Copy word for word the lines of the records below, beginning at the one with "蓝色冲浪绳 TPU材质 水上运动冲浪绳 绳体牢固 超高柔韧性冲浪绳" and finishing at the one with "আদিত্য অনীক প্রকাশনী", ends included, but none of the pictures.

[Data extracted from a collection]
+---+

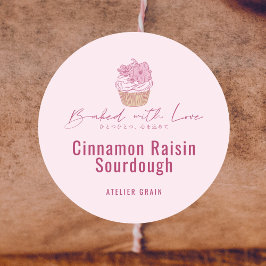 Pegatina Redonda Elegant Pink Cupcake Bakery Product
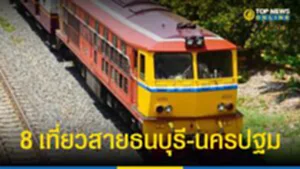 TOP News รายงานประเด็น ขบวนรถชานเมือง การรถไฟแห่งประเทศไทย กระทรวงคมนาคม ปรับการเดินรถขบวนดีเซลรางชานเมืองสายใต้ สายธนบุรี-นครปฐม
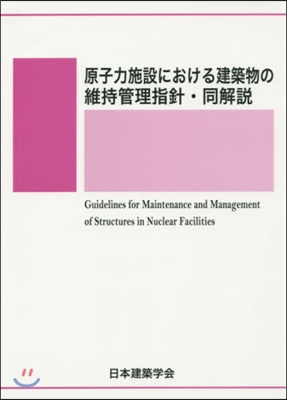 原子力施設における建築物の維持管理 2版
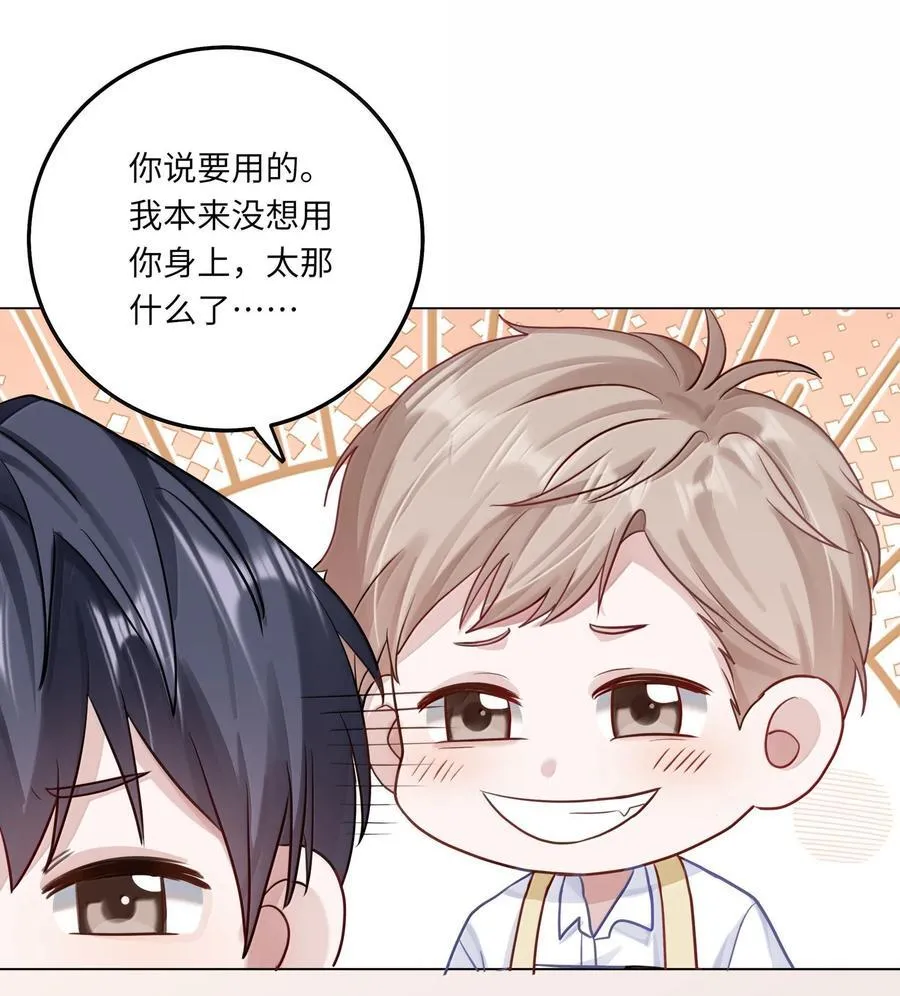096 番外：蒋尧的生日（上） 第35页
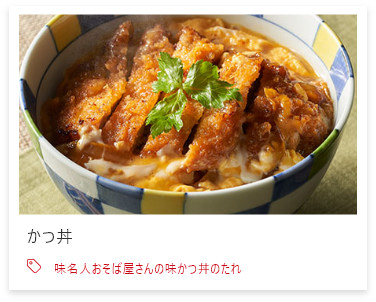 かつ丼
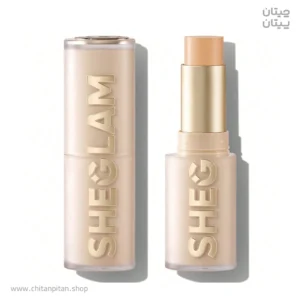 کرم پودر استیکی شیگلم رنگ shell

+---+

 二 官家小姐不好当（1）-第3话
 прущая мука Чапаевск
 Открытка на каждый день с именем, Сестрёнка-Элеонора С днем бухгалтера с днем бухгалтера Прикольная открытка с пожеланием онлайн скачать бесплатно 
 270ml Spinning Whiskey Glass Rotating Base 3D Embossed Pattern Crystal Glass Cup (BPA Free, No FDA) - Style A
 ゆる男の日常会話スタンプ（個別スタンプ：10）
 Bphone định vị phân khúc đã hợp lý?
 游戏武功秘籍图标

+---+

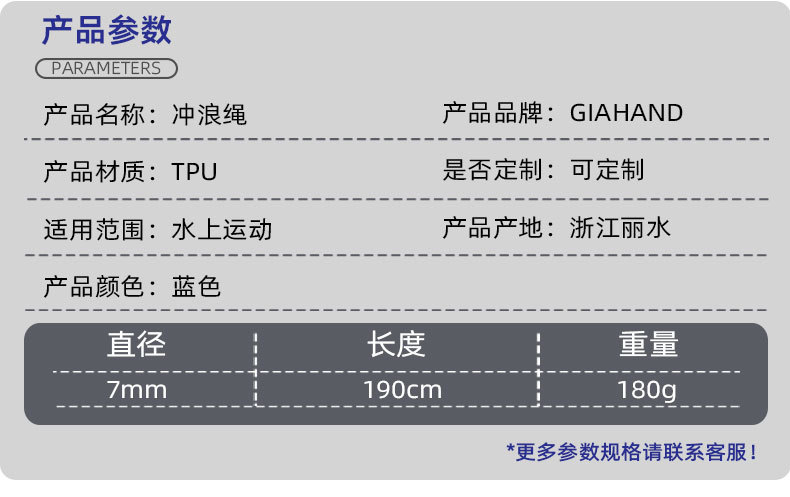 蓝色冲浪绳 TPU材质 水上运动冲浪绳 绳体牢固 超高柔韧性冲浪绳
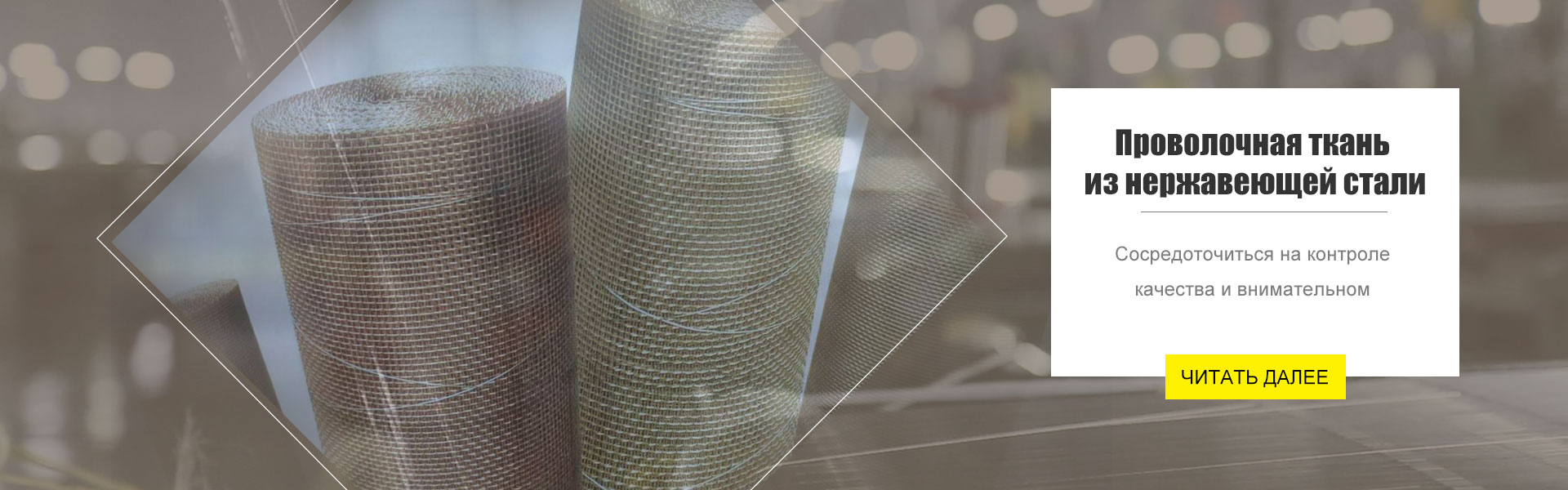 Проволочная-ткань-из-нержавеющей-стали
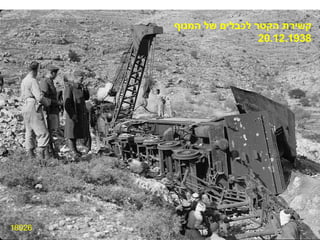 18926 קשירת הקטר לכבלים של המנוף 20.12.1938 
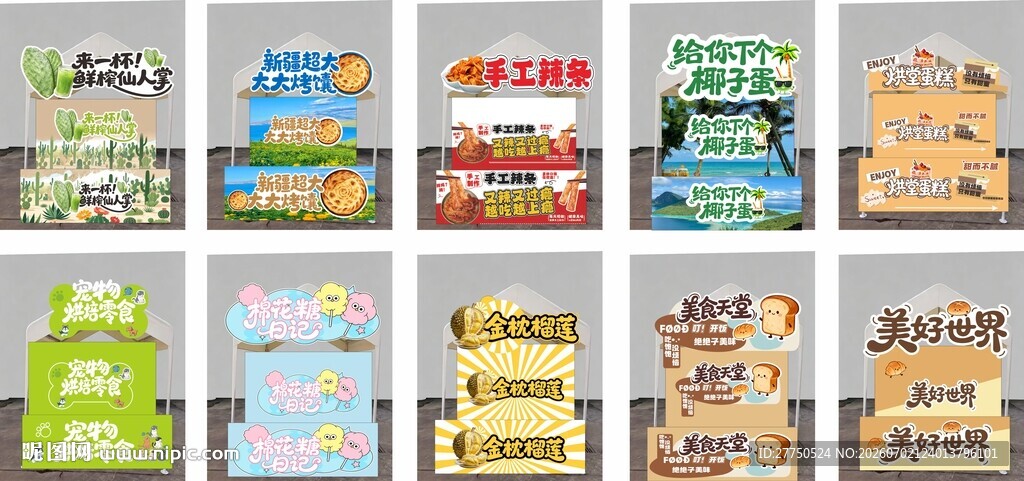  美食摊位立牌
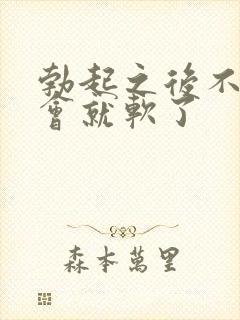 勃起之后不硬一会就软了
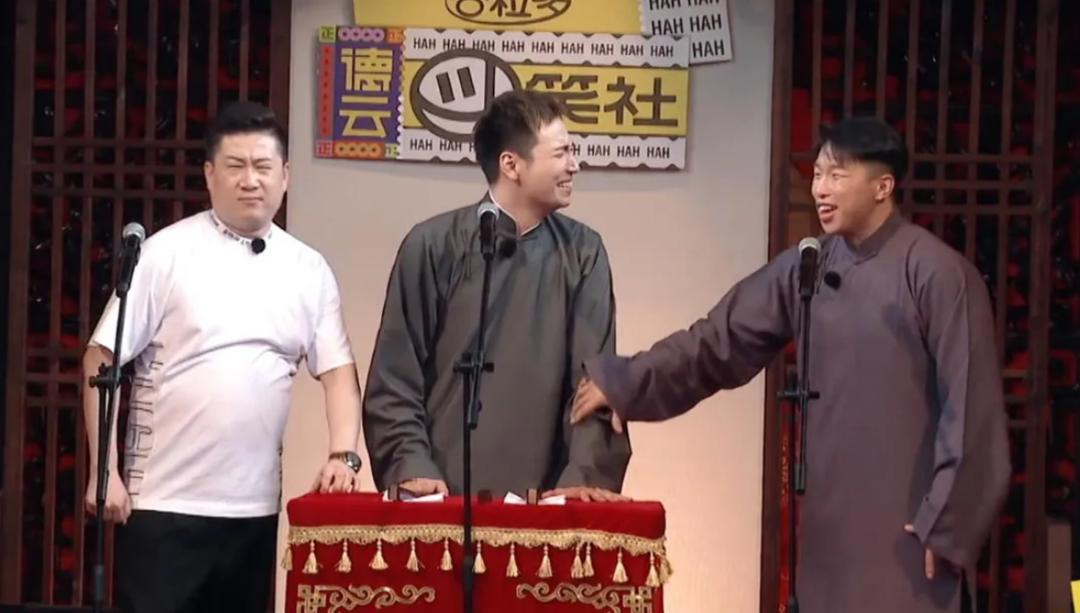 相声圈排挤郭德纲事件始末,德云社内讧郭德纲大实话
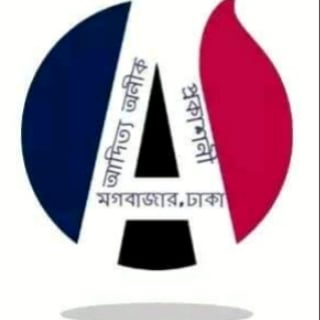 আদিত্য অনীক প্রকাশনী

+---+

= Expected answer =
 蓝色冲浪绳 TPU材质 水上运动冲浪绳 绳体牢固 超高柔韧性冲浪绳
 Проволочная-ткань-из-нержавеющей-стали
 18926 קשירת הקטר לכבלים של המנוף 20.12.1938 
  美食摊位立牌
 勃起之后不硬一会就软了
 相声圈排挤郭德纲事件始末,德云社内讧郭德纲大实话
 আদিত্য অনীক প্রকাশনী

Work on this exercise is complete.